Provided data —
========

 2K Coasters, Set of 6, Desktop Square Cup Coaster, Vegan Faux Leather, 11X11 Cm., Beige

========

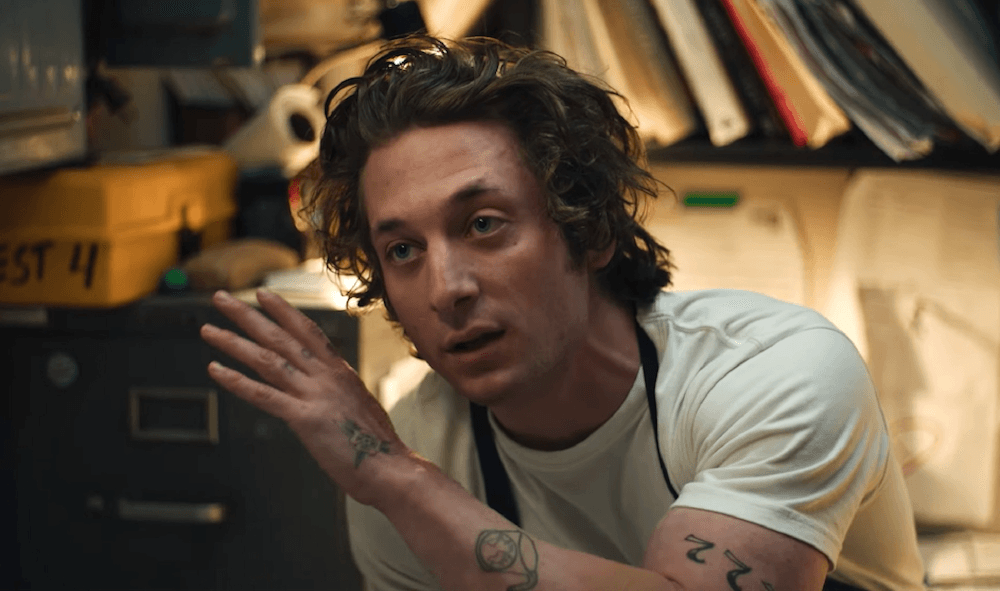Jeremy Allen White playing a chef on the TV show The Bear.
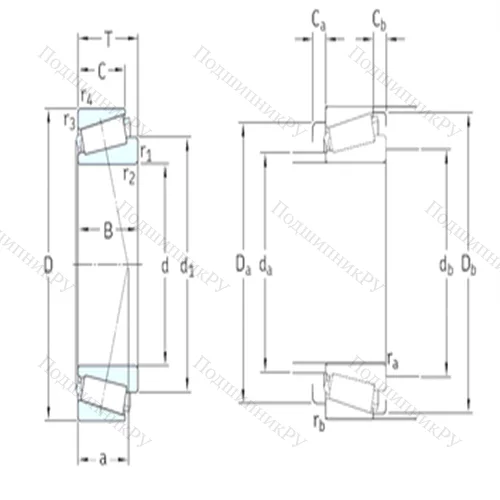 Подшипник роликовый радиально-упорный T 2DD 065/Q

========

Task objective —
Copy everything above from the line holding "Jeremy Allen White" down to the line holding "Подшипник роликовый радиально-упорный", both ends included, exactly as it stands and without the pictures.

Answer to the exercise —
Jeremy Allen White playing a chef on the TV show The Bear.
 Подшипник роликовый радиально-упорный T 2DD 065/Q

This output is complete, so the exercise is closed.